Он становится, где я указал, смотрит в кадр, сверкает фиксами и показывает пальцами руки викторию. Солнце блестит на перстнях. Тут из кустов появляется здоровенный живущий на берегу кот. Никита, завидев его, издает восторженный боевой клич – узнал старого знакомого.
Чувак моментально расцветает еще сильнее, выпадает из кадра, подхватывает кота на руки и говорит:
- Ништяк брателла, вот так с котейкой и хуйярь, ваще ништяк!
Я делаю кадр. На остановившейся фотографии – сверкание золота, виктория с мозолью на указательном пальце и висящий через руку, как пальто, здоровенный полосатый котяра с растопыренными усами и белым брюшком.
Он замечает, что я долго смотрю фото и говорит:
-Ну шо, брателла, пол-лица в тени, стопудово, вот эта хуйня такая, вечно пол-лица на солнце, а пол – в тени.
Я говорю:
- Давайте еще раз. Поверните лицо. Смотрите на реку. Не, на мост. Вот так.
Он смотрит на реку с непонятным мне выражением, словно видит вместо противоположного берега что-то своё, с летящим над ним тропическим ветром. Кот важно и невозмутимо сидит у него на руках.
Я отдаю ему айфон и беру Никиту на руки.
Он листает фотки и бормочет: «Ебать-колотить, я в Днепре, это ёбнуться можно, сука — это пиздец!»
Пряча телефон в карман он говорит:
- Ну спасибо, братва. Похуярил я работать. А то первый день сегодня, ну неудобняк. Днепр, братва! Сука, это прикол!
С этими словами он разворачивается и начинает уходить.
Тут на беговой дорожке появляется местный наркоман Боба. Он бежит трусцой. На нем спортивный костюм и шиповки. Пробегая мимо мужика, он кричит:
- Ну что, сфотографировался? Правильно, пока не разбомбили!
Тот машет рукой и говорит ему в след:
- А, да не будут уже здесь бомбить…
Показывает мне викторию, подмигивает и моментально исчезает, словно растворившись в кустах.
Кот умывается на песке. Над нами с криком пролетает чайка, и Никита кричит – хрипло и протяжно, кривляя её.

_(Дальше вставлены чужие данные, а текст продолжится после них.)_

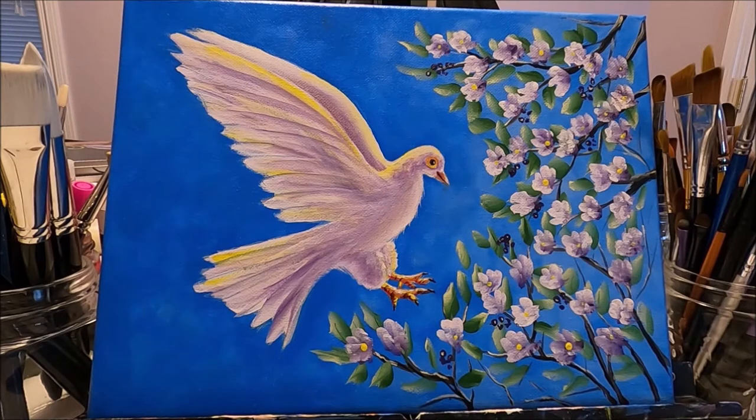Hello, my friends, and welcome to Paulina Art. Happy New Year to all of you. This is my first painting of 2021, and I did this painting in the hopes of a better year for humanity, for new hope and new beginnings.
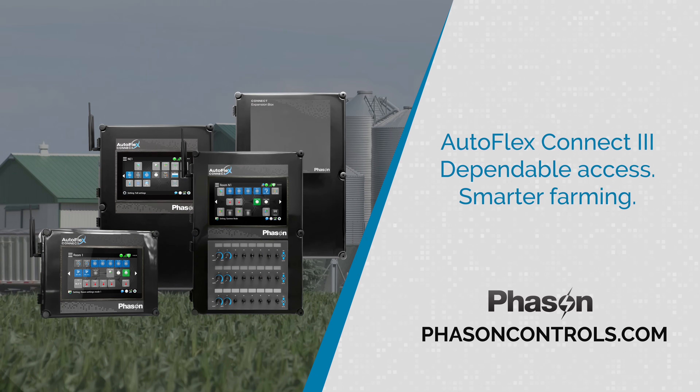From the compact Mini to the large-format model, Autoflex Connect 3 delivers dependable access, steady control, and smarter farming for every operation.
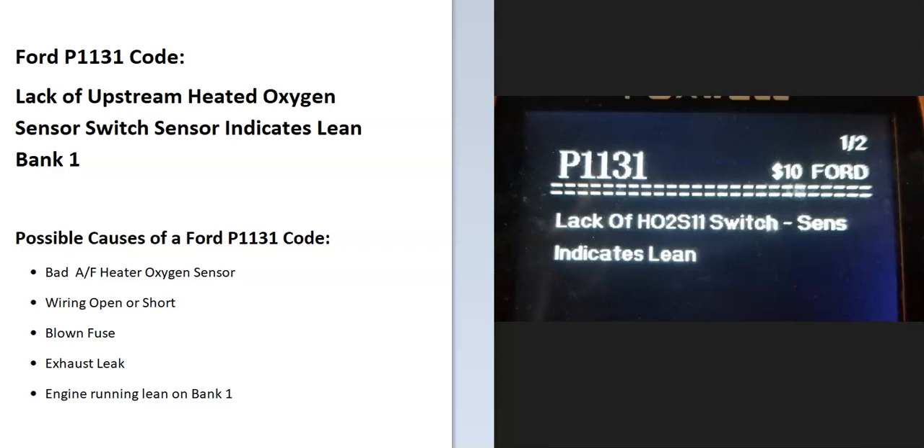Today I'm talking about a Ford with the P1131 code — what it is and how you go about fixing it. A Ford P1131 code is a lack of upstream heated oxygen sensor switch; the sensor indicates lean bank one.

По зеркалу воды бесшумно пролетают байдарочники.
Март 2015
ЛИЦО ВЕТРА
Вызываю такси. Но перепутал время и заказал на час позже, чем надо. Опаздываю. Вылетаю. Машины нет. Ловлю с руки. Останавливается разваленная дребезжащая волга с болтающимся подфарником и погасшим мутным гребешком. С ржавыми крыльями и хлопающим капотом. 22.20. Встреча с большими людьми в 22.30. К таким людям опаздывать не принято. Дороги, без учета пробок – на 20 минут.
Я прыгаю в сочащийся застоявшимся никотином салон, на сиденья из пыли – поехали, поехали! Названная сумма оставляет меня равнодушным – поехали, поехали! К людям, назначающим встречу на 22.30, не опаздывают. Никогда.

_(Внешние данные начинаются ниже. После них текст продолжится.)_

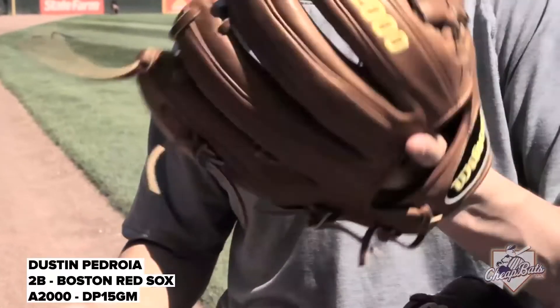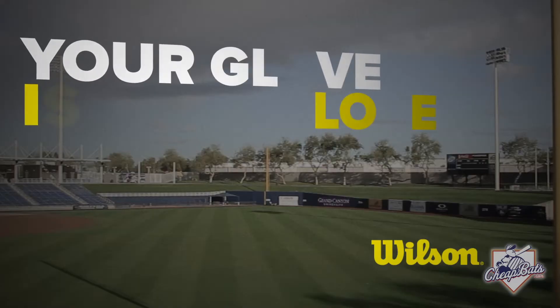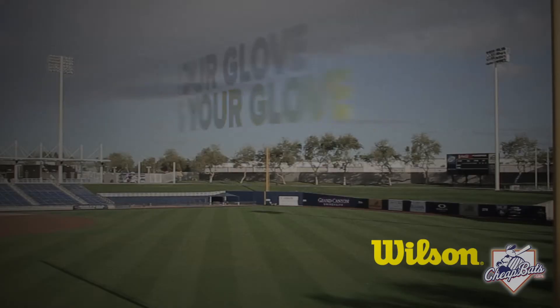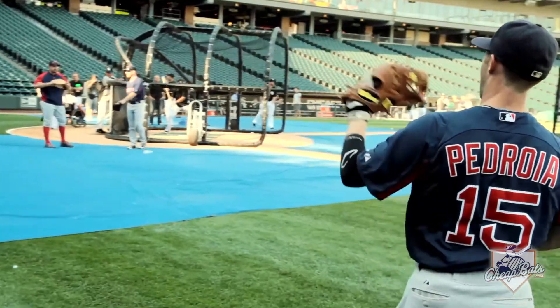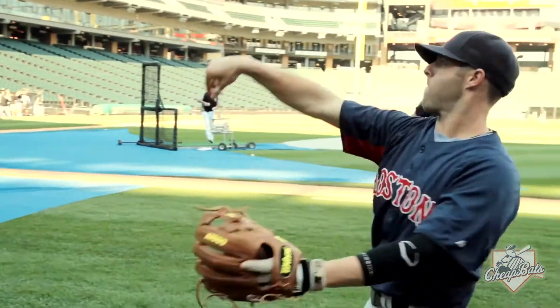I want to make sure when I get to a ball and I put my glove down to catch it, that it stays in my glove. It's a part of you — when you're playing in the game, you don't have that second thought of, oh, if I need to backhand this ball, it's going to pop out or anything like that.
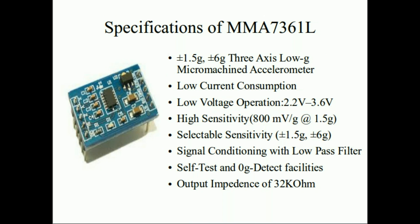Let's talk about some of the specifications of this accelerometer. The MMA7361L is a 1.5G and 6G, 3-axis MEMS accelerometer — all three axes: X, Y, and Z. Some accelerometers have only two axes, but this one has all three. It's a capacitive accelerometer with low current consumption — about 400 microamperes in active mode and 3 microamperes in sleep mode. Its operating voltage range is 2.2 to 3.6 volts, with a sensitivity of 800 mV/G. There's a pin for selecting the sensitivity between 1.5G and 6G, and it also has self-test and zero-G detect facilities.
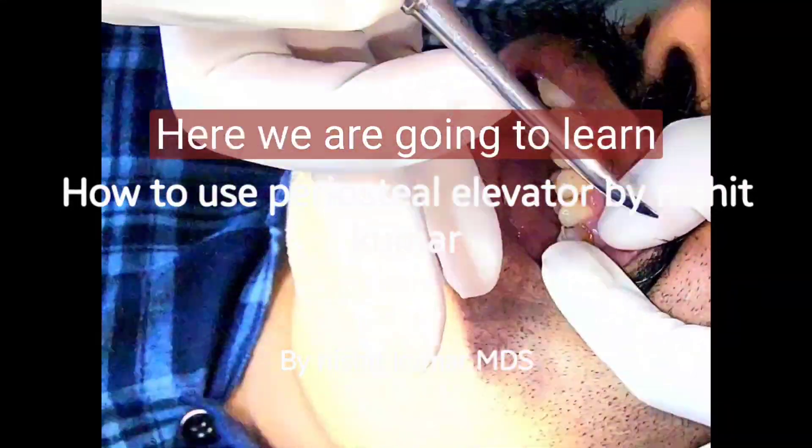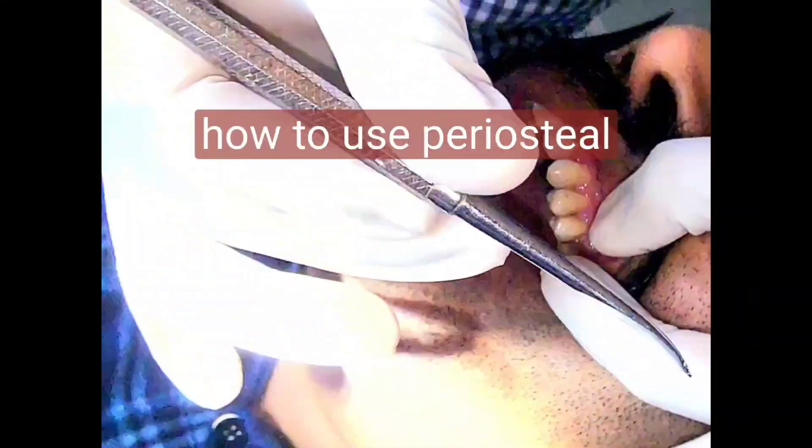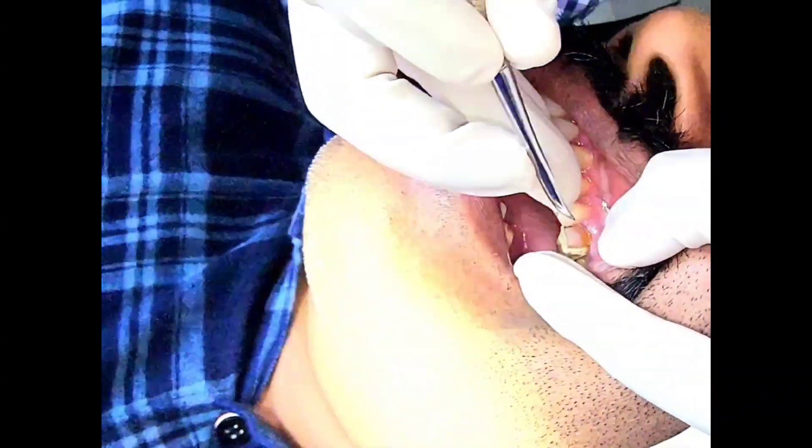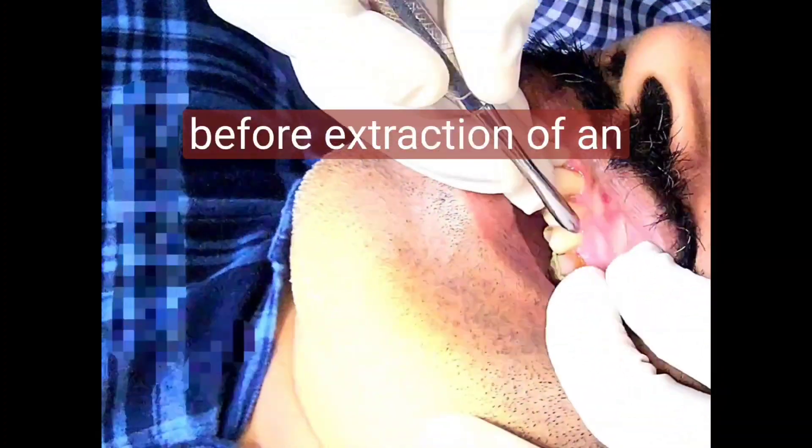Here we are going to learn how to use a periosteal elevator to reflect the mucoperiosteum before extraction of a tooth.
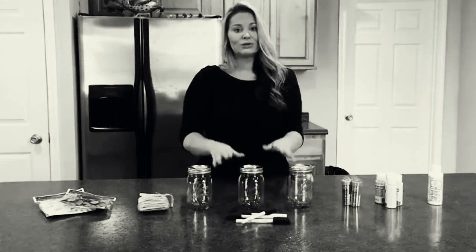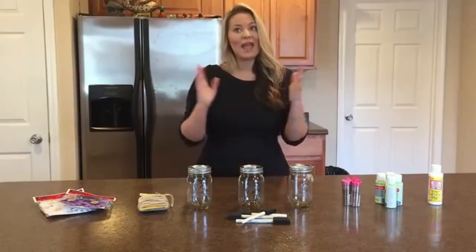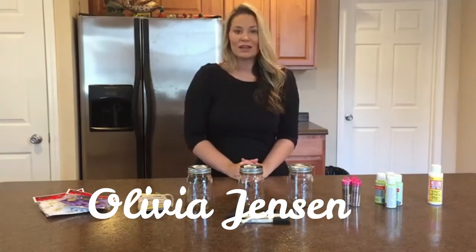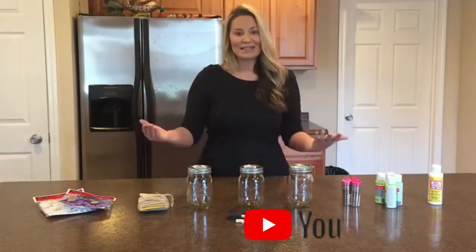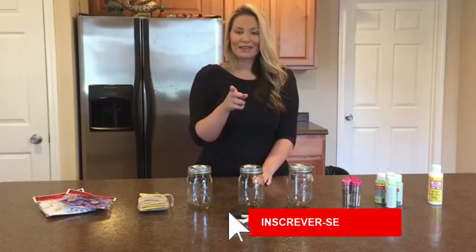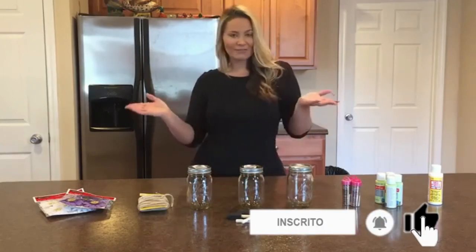I'm going to be attaching the mason jars to an old piece of pallet wood, and staining the pallet wood, and hanging it on the wall. I just think that it is such a cute detail rather than just a painting. I'm going to show you how to do that, and we will do that later, but for right now let's get started on our craft.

За рулем замшелый, запущенный дядя типа теплотрассника. Я не удивился бы, если бы захотел посмотреть, как он жмет на педали, и увидел бы, что он едет в прорванных засаленных драповых шлепанцах.
Едем. Всё дребезжит и скрежещет. Меня душит сухой давящий кашель, идущий из середины груди. Дядя чешет разбухший нос в фиолетовых прожилках, поправляет съехавшие старушачьи очки, перемотанные красной изолентой, и вдруг изрекает:
- Нехороший у вас кашель.
Я перестаю прижимать руку к грудине:
- Что?
- У вас плохой кашель. Он называется «Лицо Ветра».

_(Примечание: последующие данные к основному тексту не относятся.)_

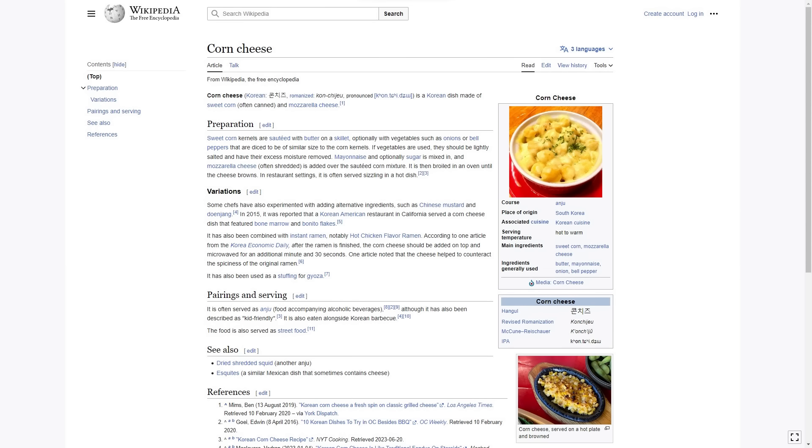What's up, y'all? Today I'm going to be making some konchizu, aka corn cheese. It's a classic Korean dish, and it even has its own Wikipedia page, so you know it's legit.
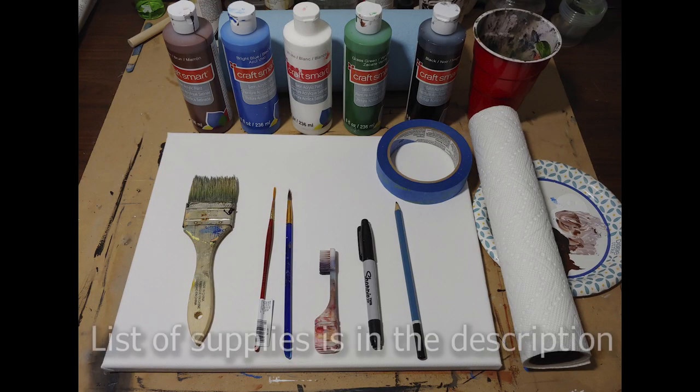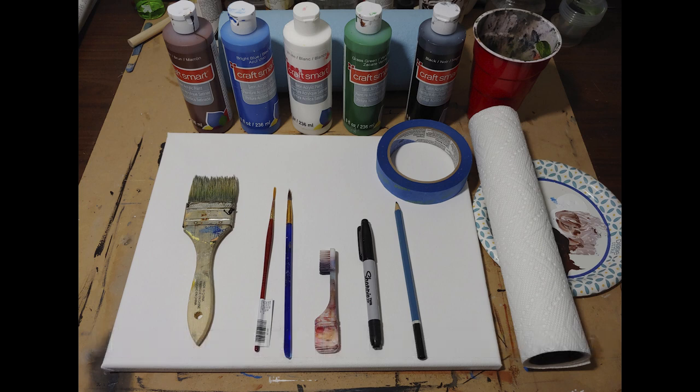Before we get started, if you haven't gotten the materials and you'd like to come back to this video later, here is a list of the materials you will need: brown, blue, white, green, and black acrylic paint; an 11 by 14 stretched canvas; an inexpensive one-and-a-half inch paintbrush; a number two liner brush; a number five round brush; an old toothbrush; a Sharpie marker; a pencil; masking tape; paper towel; paper plates; and a cup or container for water.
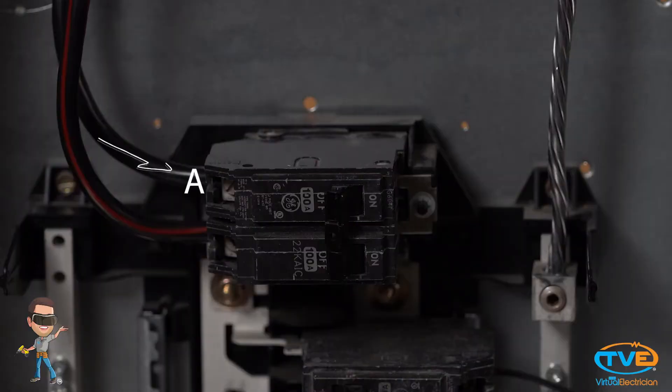In most residential settings, you will have a single-phase system. Single-phase systems have two legs of power coming into the box, where three-phase systems, which you typically see in a commercial building, have three incoming hots. Confusing, right? Why have two hots coming in if it's only a single-phase system? It's because some things in your home require 240 volts of power. Each phase coming into your panel carries 120 volts of power. This allows you to use both phases to get your 240 volts. You call this phase A and phase B.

Я забываю кашлять и воззряюсь на него, в попытке переварить информацию.
- Вот здесь, - он похлопывает рукой по какой-то массивной херне, уложенной на попа между передними сиденьями, - Ваш кашель называют «Лицо Ветра». Это плохой кашель.
Я смотрю, обо что он хлопает, и вижу между сиденьями то, что я сперва в темноте и спешке принял за здоровенный прямоугольный подлокотник. Это – нереальных размеров кожаный том с тускло, как графит, поблескивающими тибетскими иероглифами на корешке.
Я открываю рот, но решаю, что лучше зайтись в припадке мучительного кашля.
- Это… тибетская… книга… - выкашливаю я примерно за полторы минуты.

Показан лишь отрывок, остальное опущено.